By Abdul Ghani
ISLAMABAD— Pakistan’s external account is still under pressure in the first two months of FY2026. While exports are recovering, rising imports have pushed the trade deficit higher, according to the Finance Division’s Monthly Economic Update & Outlook – September 2025.
The report shows that goods exports grew by 10.2 percent compared to last year, reaching $5.3 billion during July–August FY2026, up from $4.8 billion in the same period last year.
Textiles led the recovery, with knitwear exports up 16.9 percent, bedwear up 12 percent, and garments up 10.6 percent. Services exports also increased by 11.5 percent, totaling $1.4 billion.
Despite this growth in exports, imports rose even faster, climbing 8.8 percent to $10.4 billion, up from $9.6 billion last year.
The increase was mainly due to higher imports of petroleum products, which jumped 17.8 percent, and palm oil, which rose 29.1 percent.

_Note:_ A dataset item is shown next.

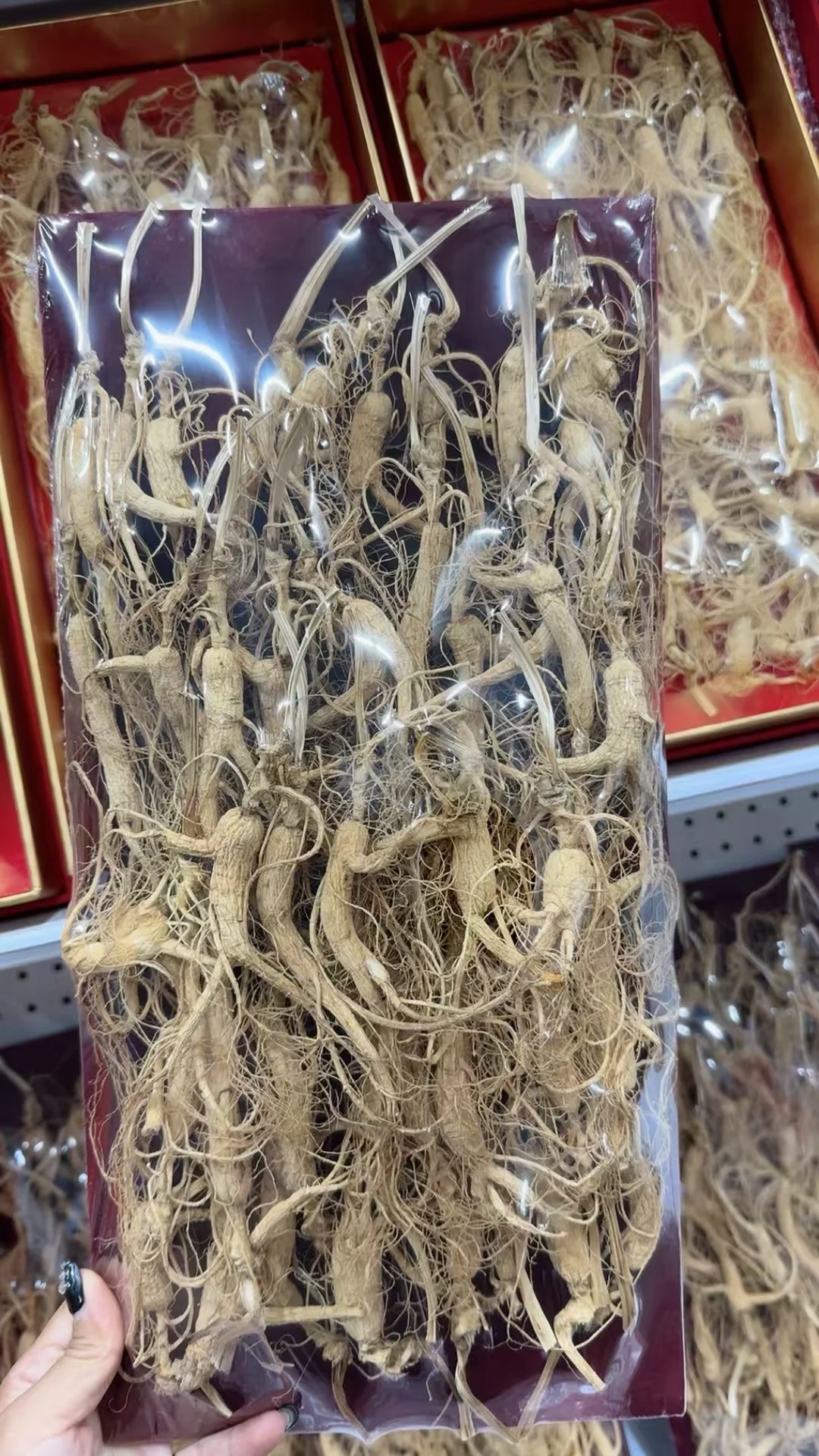 林下参小货，煲汤、泡茶款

Pakistan’s heavy reliance on edible oil continues to put pressure on the external account. Imports of petroleum crude fell 6.1 percent, partially offsetting the increase.

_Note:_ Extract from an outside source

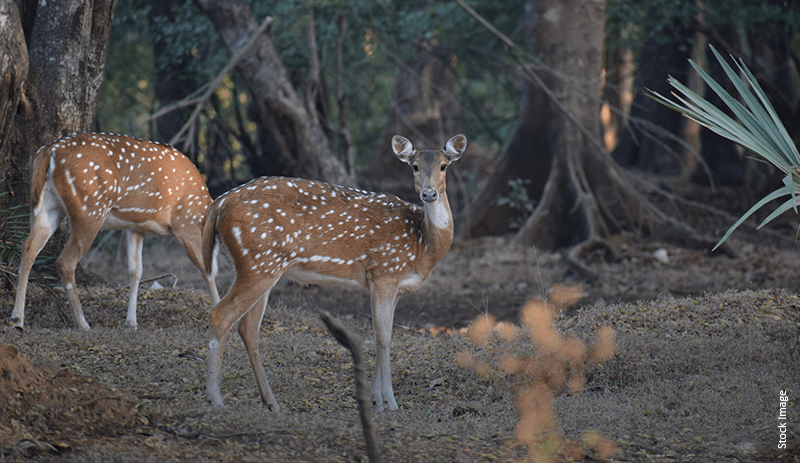 Byculla Zoo: All You Need to Know About Veer Jijamata Udyan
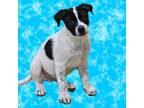 Adopt Griswald a Mixed Breed (Medium) / Border Collie / Mixed dog in Tucson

Because imports grew faster than exports, Pakistan’s trade deficit widened to $5.1 billion during July–August FY2026, compared to $4.8 billion last year. The services trade deficit also increased to $708 million from $604 million, as service imports rose 13.4 percent to $2.1 billion.
The report highlighted that IT exports are showing strong growth, rising 18.3 percent to $691.7 million in July–August FY2026. This reflects the growing role of the digital economy in boosting Pakistan’s external earnings.
The Finance Division noted that even though exports are improving and remittances remain supportive, the overall external account remains under stress because of high import demand, especially for energy and food items.
The current account deficit reached $624 million in July–August FY2026, up from $430 million last year.
Officials are hopeful that with global commodity prices easing slightly, the import bill may stabilize in the coming months.
Still, Pakistan’s heavy dependence on imported fuel and edible oils makes the economy vulnerable to international price shocks and currency fluctuations.